The very first episode of the second season of the anthology horror doesn't wait to establish that the real horror in the story is the Japanese internment camps. We see Mio's lead character Chester tying to find himself in the diaspora of growing up in an alien land, a result of which is him feeling like he doesn't belong anywhere. But his father Henry (Shingo Usami) has to cope with the reality of been unfairly treated by the same nation where he had migrated years ago to pursue the coveted American dream. 

Documenting the shameful past where about 125,000 men, women, and children interned between the years 1941 and 1945, we see Henry get pulled out of bed in the middle of the night, and sent off to camp with other members of his community. The racial tension is also rife because Henry's American bosses are not ones to take his extreme efforts as a fisherman into consideration when it comes to paying him for his labor. Takei's character is a community leader, as the all-wise Yamato-san, but even his solemn maturity and experience living as an outsider in America doesn't help him save his fellow members of the community of the impending horrors.

(AMC)

As more and more members of the community keep getting confined, the show also brings out the segregation the Japanese-Americans were forced to undergo, based on their birth, as they had to register their families at control stations. There they get divided into three different categories, based on whether they migrated from Japan, or are Japanese born in America, and even a third category which was for American citizens educated in Japan. Things get even worse when viewers get a view of the reality of these camps, or assembly centers where the people had to go to following their registration. From cow sheds to mere stables, these accommodations were unfit to lodge human beings, and the shameful practice was nothing short of stripping these people of their dignity.

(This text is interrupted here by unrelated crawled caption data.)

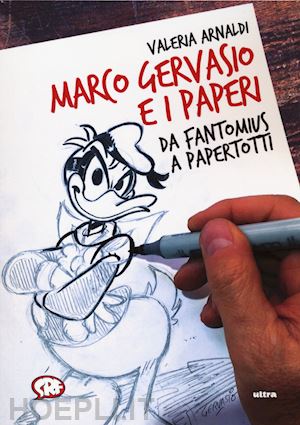 arnaldi valeria - marco gervasio e i paperi. da fantomius a papertotti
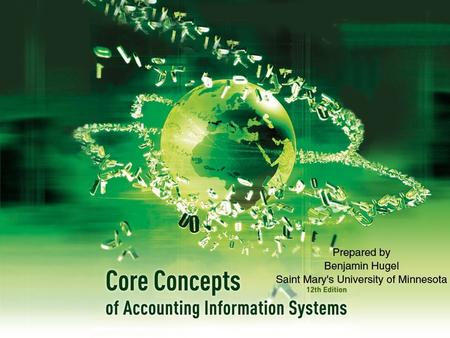 Chapter 10: Computer Controls for Organizations and  Accounting Information Systems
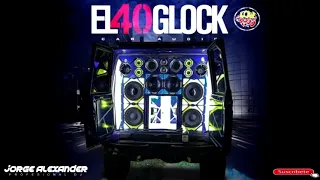 REGGAETON 2021 EL 40 GLOCK CAR AUDIO VOL 2 DJ JORGE ALEXANDER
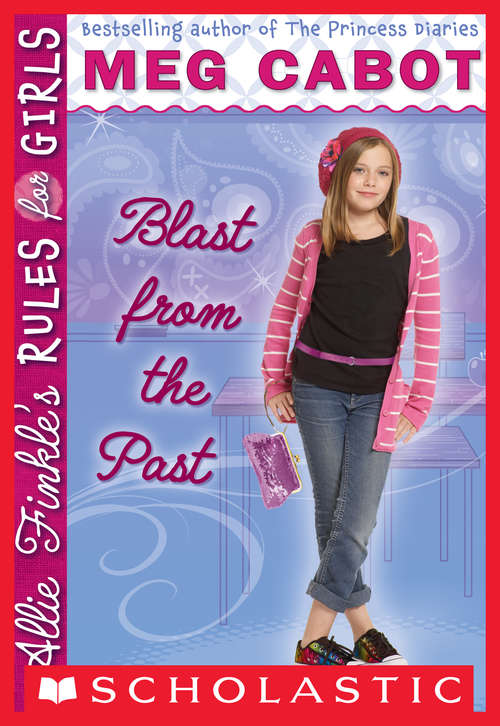 Book cover of Blast from the Past (Allie Finkle's Rules For Girls #6)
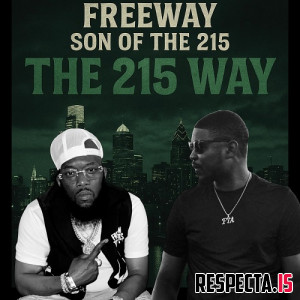 Freeway & Son of the 215 - The 215 Way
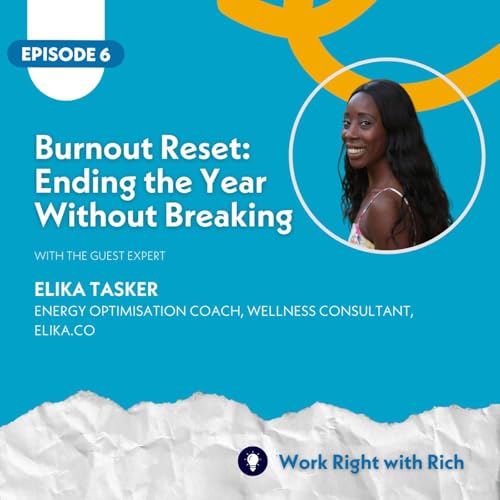 Ep. 6 | Burnout Reset: Ending the Year Without Breaking
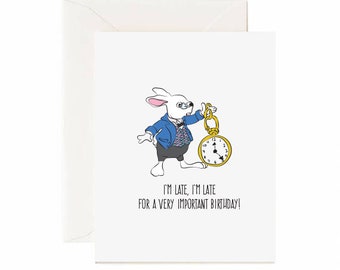 Rabbit "I'm Late, I'm Late For A Very Important Birthday" Greeting Card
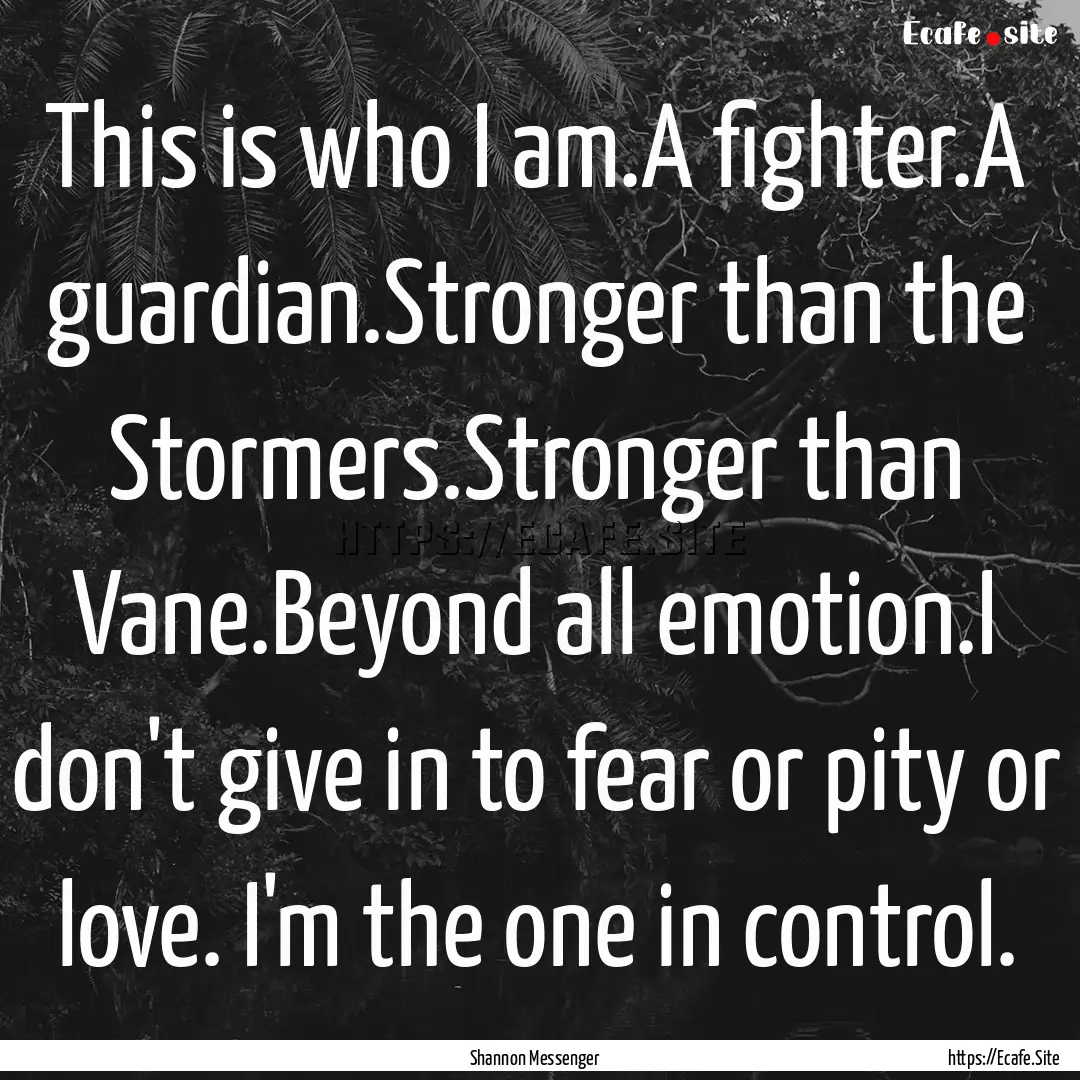 This is who I am.A fighter.A guardian.Stronger.... : Quote by Shannon Messenger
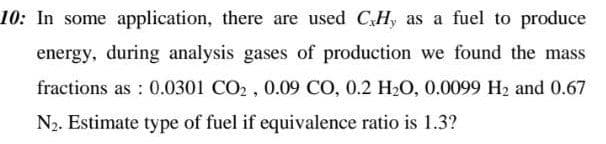 10: In some application, there are used CHy as a fuel to produce
energy, during analysis gases of production we found the mass
fractions as: 0.0301 CO2, 0.09 CO, 0.2 H₂O, 0.0099 H₂ and 0.67
N₂. Estimate type of fuel if equivalence ratio is 1.3?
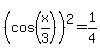%28cos%28x%2F3%29%29%5E2+=+1%2F4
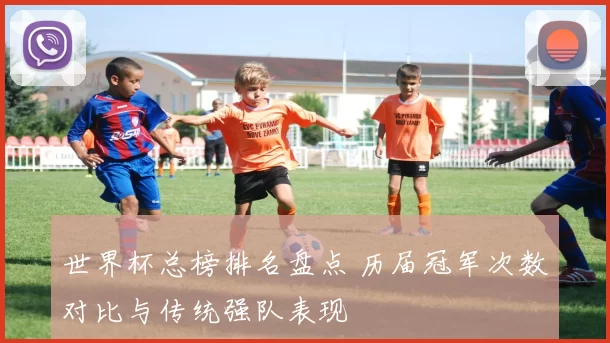 世界杯总榜排名盘点 历届冠军次数对比与传统强队表现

Their disturbing experience didn't stop there. From these stations, the people were sent to War Relocation Centers, where they weren't even provided with basic amenities like food and drinking water. And the show brings that out with such sheer expertise, it is difficult to not hold the monstrous authorities accountable for traumatizing an entire race of people, for no fault of their own. At the same time, the shining beacon proves to be the resilience that the community shows in the face of such biased adversity - something that Takei and Mio's involvement with the show can be credited for.

Mio's Chester getting barricaded by American soldiers. (AMC)

Speaking about Takei's involvement with the show, Mio said in an exclusive interview with MEA Worldwide (MEAWW) that "he (Takei) also has a personal connection to the internment camp story as well, because he actually was in two of these camps as a child. So he was also a consultant on the show and that was so special and invaluable because he brought the first-hand account to the authenticity that we were trying to portray." And that is probably what helped Alexander Woo's recounting of the horrors from those days so impeccably authentic.

And while Takei "hopes that this show would inspire people to fight injustice," it is not just him who adds to the authenticity of the plot. Mio himself has roots immersed in the horrors of the same internment camps with family members who were unjustly confined to them. "Aside from the candid similarities of Chester growing up in terminal Island and being imprisoned in a camp just like my grandfather, the character, later on, decides to enlist. My other grandfather served in the US military as well. So I definitely can identify with Chester. Of course, there are different degrees of the generational kind of conflict, but it definitely parallels my own experience as a Japanese-American. But on the plus side, I reconnected with that side of me."

'The Terror: Infamy' airs on Mondays at 9 p.m., only on AMC.